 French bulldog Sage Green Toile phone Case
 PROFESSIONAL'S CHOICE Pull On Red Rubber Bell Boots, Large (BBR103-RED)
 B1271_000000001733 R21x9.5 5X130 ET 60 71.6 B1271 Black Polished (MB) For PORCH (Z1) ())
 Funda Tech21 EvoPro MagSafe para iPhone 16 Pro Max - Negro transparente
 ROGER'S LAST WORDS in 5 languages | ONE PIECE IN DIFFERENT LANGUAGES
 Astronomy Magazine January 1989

.....

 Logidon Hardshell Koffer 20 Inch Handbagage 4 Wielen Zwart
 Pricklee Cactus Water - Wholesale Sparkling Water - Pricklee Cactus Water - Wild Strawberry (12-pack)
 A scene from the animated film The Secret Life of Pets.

.....

▸ **Work task**
Which lines run from the one holding "Logidon Hardshell Koffer" through the one holding "A scene from" in the records above? Repeat them exactly, both included, and nothing more.

▸ **Response to the exercise**
 Logidon Hardshell Koffer 20 Inch Handbagage 4 Wielen Zwart
 Pricklee Cactus Water - Wholesale Sparkling Water - Pricklee Cactus Water - Wild Strawberry (12-pack)
 A scene from the animated film The Secret Life of Pets.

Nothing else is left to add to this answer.